Building on the insights of Zurich-based think tank W.I.R.E., this issue briefoutlines 25 innovation areas, grouped into three types of innovations:

  • 5 business model shifts – changes in key aspects of the contemporary approach of business-making (value creation, value delivery or value capturing);
  • 12 emerging technologies – devices or processes originating from research developments or technical knowledge that could make an impact in markets or societies;
  • 8 social innovations – ways of interacting that could alter social systems and overcome one or several challenges faced by society.

Peter Bakker, President and CEO of WBCSD, commented: “There is no question that innovation, including but also beyond digital technologies, is essential if Vision 2050 is to be achieved.
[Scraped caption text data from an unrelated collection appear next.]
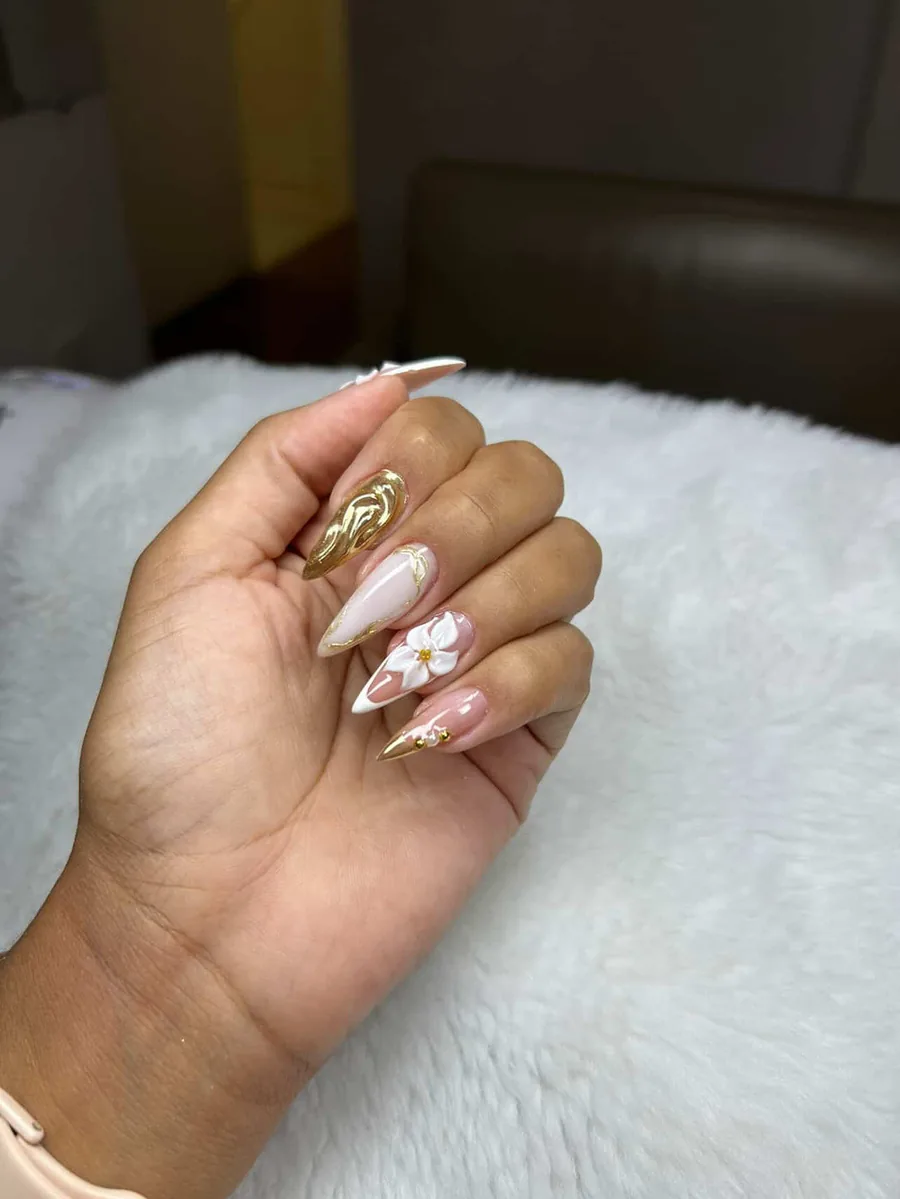 Resultado de aluna: unhas com flor 3D branca e detalhes dourados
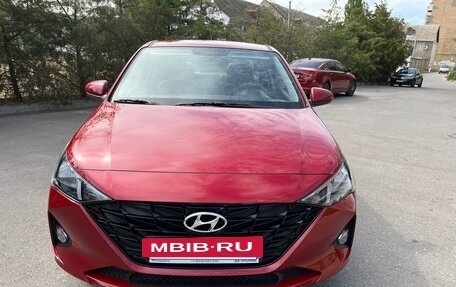 Hyundai Solaris II рестайлинг, 2022 год, 1 870 000 рублей, 2 фотография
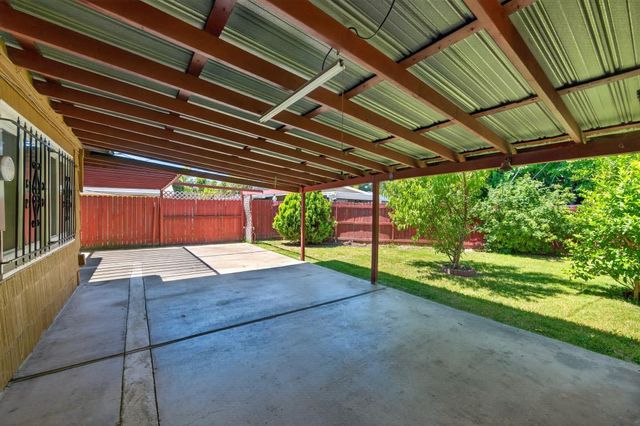 880 Elder Dr, West Sacramento, CA 95605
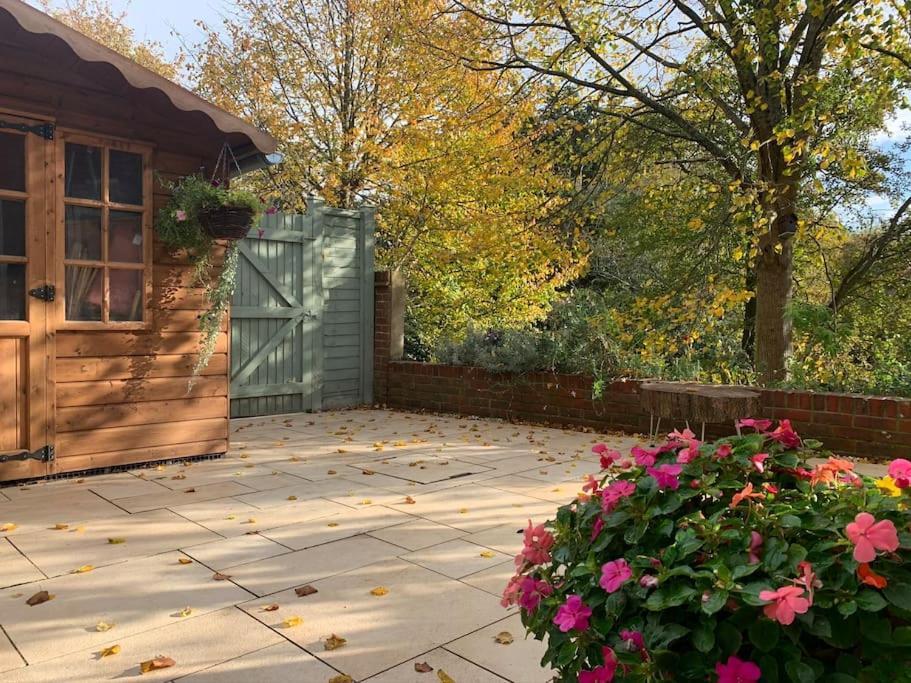 Canal View 2 Bedrooms End Of Terrace Chichester Exterior photo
Essential systems transformations will depend on innovation: in decarbonization technologies, transport technologies, in preventative healthcare and in gene technologies, materials and materials reuse, in building design, building use and reuse, in sanitation and in the sanitation economy, in agricultural practices, food storage technologies and more. The future is rarely shaped by single innovations – more often it is multiple innovations aligning at a particular moment and influencing society in a transformative way. We cannot predict the future, but we can identify the innovations could shape it and the ones that we might need to push the future in a certain direction. This issue brief helps us think about the innovations that we can leverage in service of our Vision, and those that we need to work harder to bring about.”

The Vision 2050 project will be releasing further issue briefs in the coming months to help companies navigate the challenges of responding to the socio-economic turmoil unleashed by COVID-19, whilst maintaining (and increasing) ambition on sustainable development goals. Among the resources that have already been produced are an analysis of Macrotrends & Disruptions shaping 2020-2030, a piece of work looking at the consequences of COVID-19 for the decade ahead, and insights into how systems transform. Forthcoming issue briefs will focus on the steps business can take to make itself more resilient to future shocks as well as reflections on how capitalism can and should change to enable a sustainable, inclusive future.